Exercise requirements: Print the line containing "Розетка с USB" and all lines after it, unchanged, through the end of the data. Leave the pictures out.

Records shown:
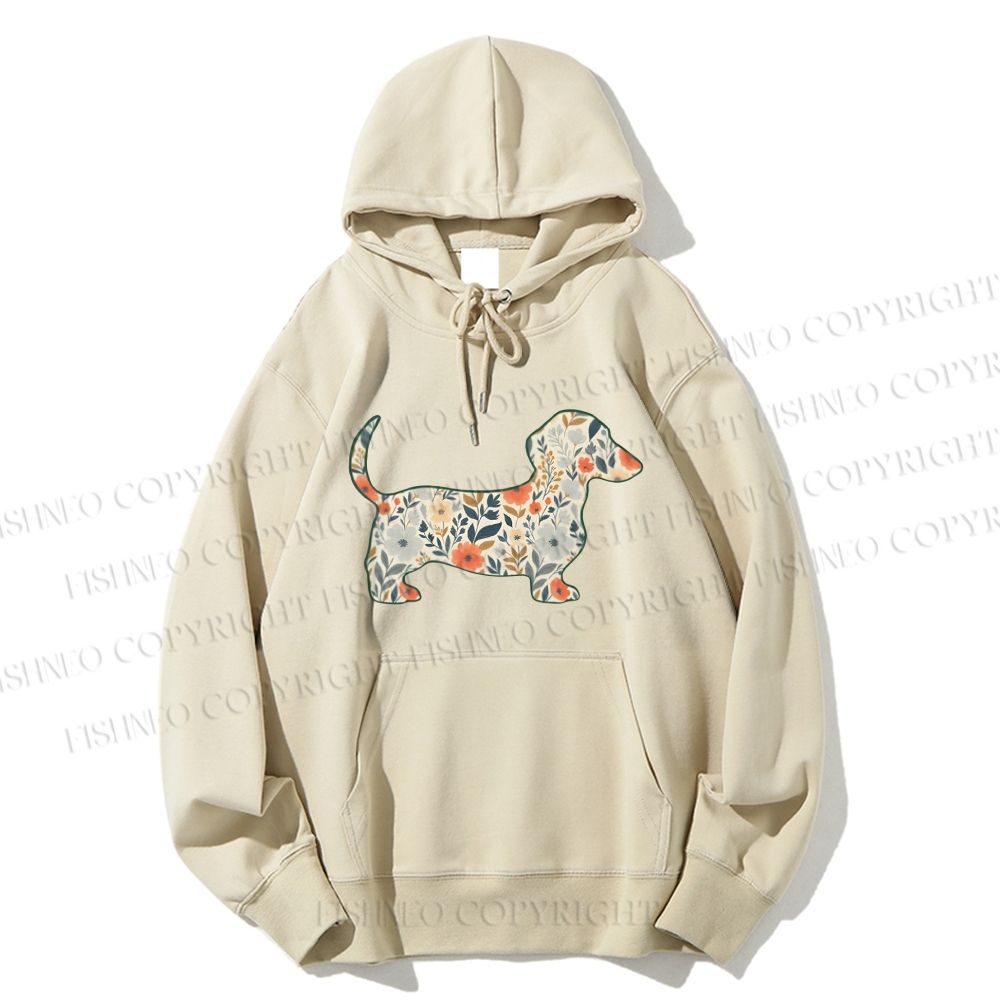 Unisex Casual Cotton Floral Dachshund Printed Hoodie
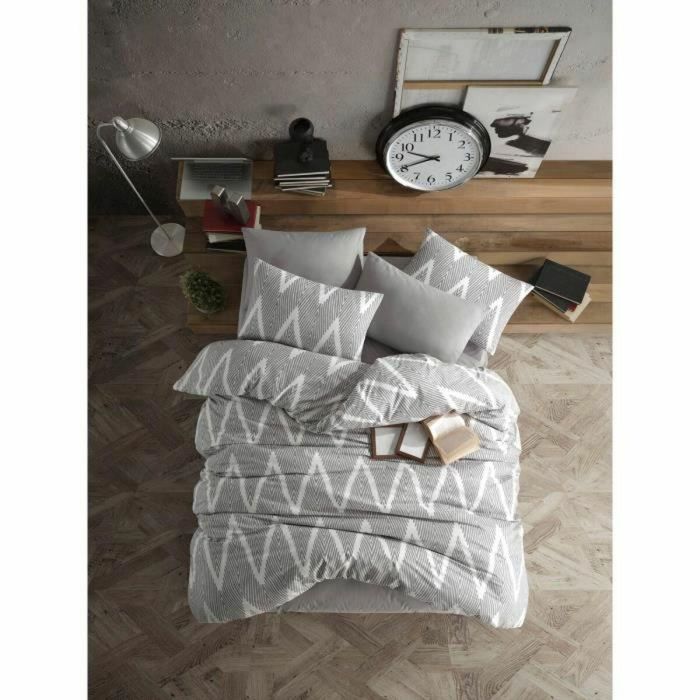 Juego de Cama 220x240 cm 2 Fundas Almohada 60x60 cm Algodón Poliéster Gris Juego de Cama 220x240 cm 2 Fundas Almohada 60x60 cm Algodón Poliéster Gris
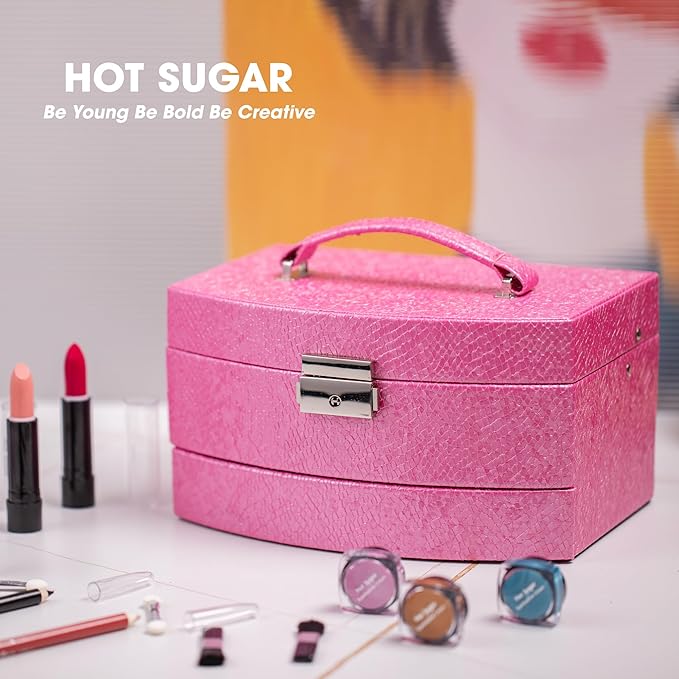 Hot Sugar Makeup Kit for Girls 10-12 | All-in-One Beginner Cosmetic Set with Real Tools & Cosmetics | Birthday Christmas Gift for Tweens, Teens & Kids (Rosy)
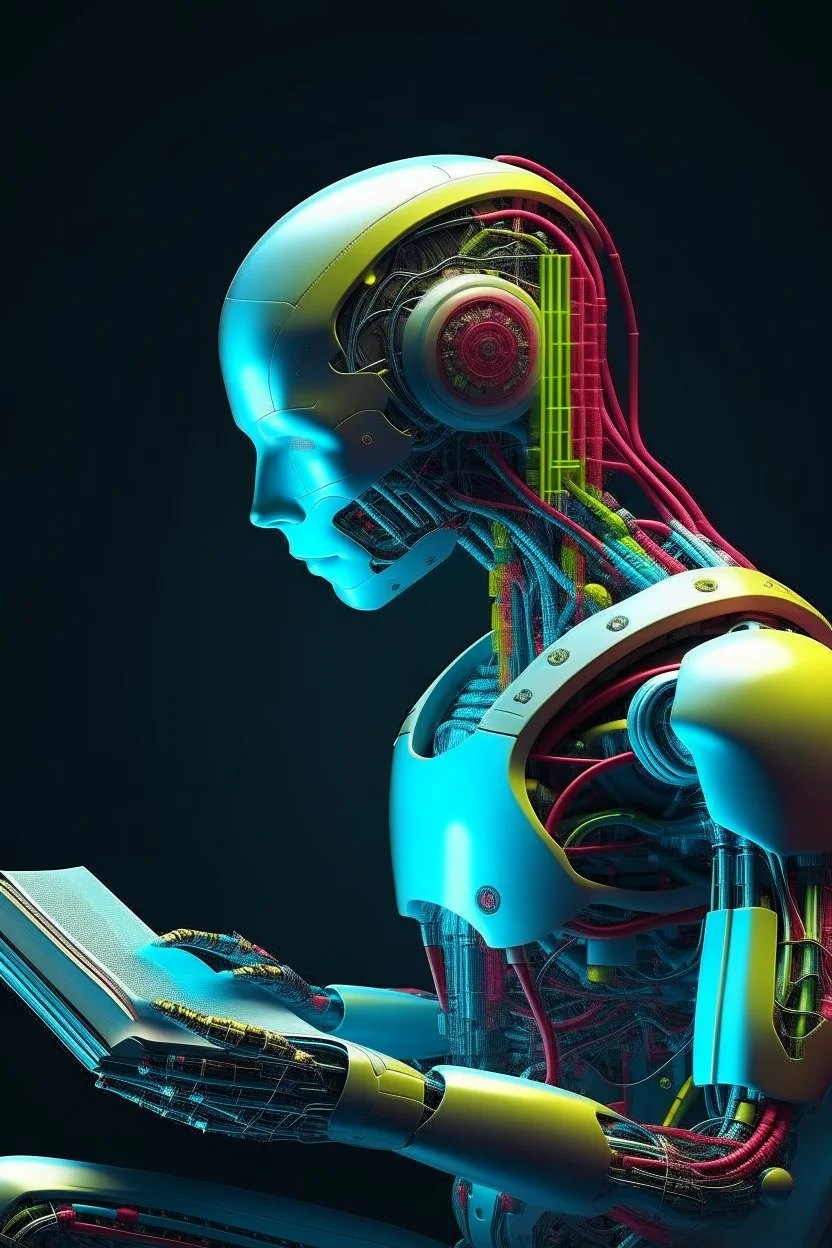 generate a colored front cover simplistic illustration representation of Ai phot realistic atteactive humanoid bot editing a book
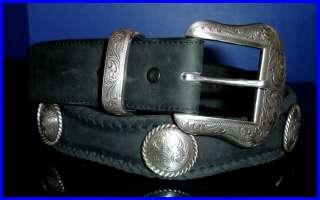 Western Decor Full Grain Leather Cowboy Concho Belt  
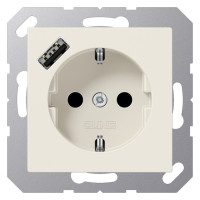 Розетка с USB Jung A 500, скрытый монтаж, с заземлением, слоновая кость, A1520-18A
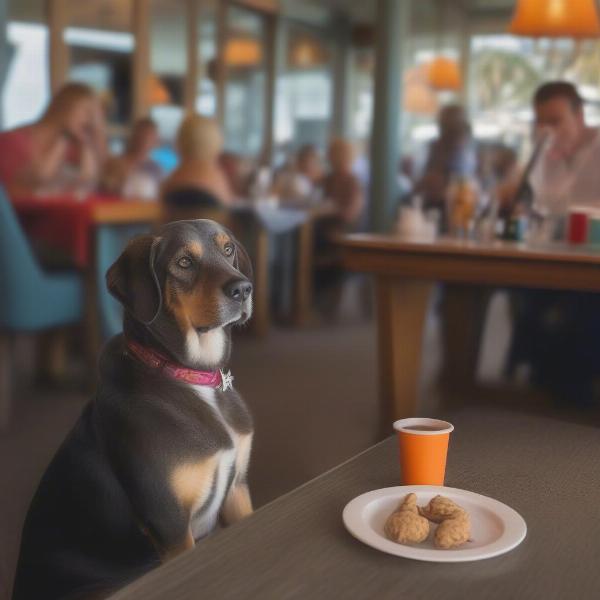 Dog Enjoying a Meal at a Cocoa Beach Restaurant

Solution to the problem:
 Розетка с USB Jung A 500, скрытый монтаж, с заземлением, слоновая кость, A1520-18A
 Dog Enjoying a Meal at a Cocoa Beach Restaurant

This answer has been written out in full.